Some people like to buy a lot of food and then throw it away. That’s wasteful, not to mention bad feng shui.
Some like to fritter their money on specialty food items that aren’t used very often and that also represents wasted money.
And then some buy what they need, eat it, and then replenish their pantry and refrigerators. This is a very good feng shui way to treat food, as it gives respect to the valuable resource that it is — and to our health.
Keep your kitchen god happy — and you more prosperous and healthy too — by observing these feng shui kitchen and stove tips.
Watch for clashes of fire and water.
The stove, in particular, is the source of the fire, the ability to transform our food to nourishment and delicious meals. Avoid keeping pots of water, such as teapots on the stove. It’s important that the fire energy of the stove remains strong, but not too strong. Water left on the stove, such as in a teapot represents the fire being put out on the stove.
Utilize all your stove’s burners.
We often use one or two burners on our stoves, but try to avoid that. Use all the burners regularly to keep the stove energy strong in your home.
Keep your stove clean.
This is vital. If your stove and oven are dirty and grimy, they impart negative chi to your food and that brings down your personal energy, prosperity and the chi of your food.
Avoid damaged, dented or scratched pans and utensils.
When you cook with pots and pans that are damaged, you impart that damaged chi to your food, making it less appealing to you. The damage extends to the food that’s cooked in the pans. Further, scratched non-stick pans can actually be dangerous and leach the non-stick coating into your food. Throw them away.
Move the kitchen trash away from the stove.
The stove represents clean, new, healthful food. Your kitchen trash can represents unused, old or rotting food. Keep them away from one another.
Make sure the stove and sink don’t face one another.
This can cause the man and woman of the house to fight and argue. Although popular in decorating and design circles, this is a taboo in feng shui. Hang a faceted crystal between the two, and if there’s room, consider adding an island here with a stone top to stop the bickering and the clash of fire and water.
Keep the hearth fire lit.
A stove represents the hearth and fire in a home. For that reason, keep a small nightlight on in the kitchen even during the nighttime to represent the burning embers that provide heat and cook your food. A dark, cold kitchen represents ill health.
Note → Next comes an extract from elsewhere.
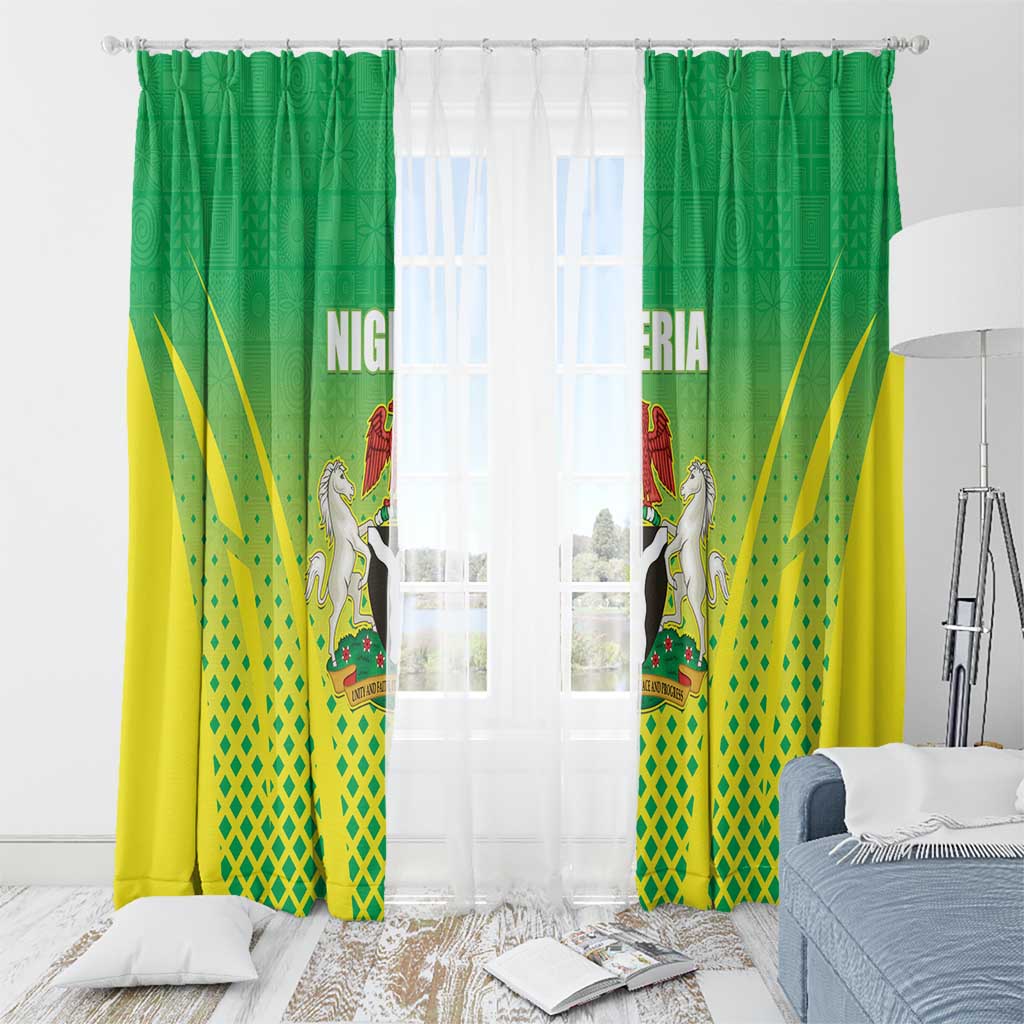 Nigeria Cricket Window Curtain Come On Yellow Greens - Wonder Print Shop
Throw away small bits of food.
Have a jar of jelly with just a tablespoon or two left in it? Avoid restocking your pantry or refrigerator with almost-empty jars. Either use the food up or throw it away. Almost-empty jars represents loss of wealth.
Be wary of too much fire.
Feng shui is always about balance. There can be too much of a good thing — like too much water or too much fire. Some feng shui experts recommend placing mirrors to reflect the stove’s burners in the belief that this doubles the food, thereby signifying wealth.
But this practice only doubles the fire element, not the food. If you want to double the food you see, place a mirror in the dining room instead. A little fire keeps the house warm and cooks your food. Too much fire can burn the house down and create arguments and tension. Keep your fire element under control.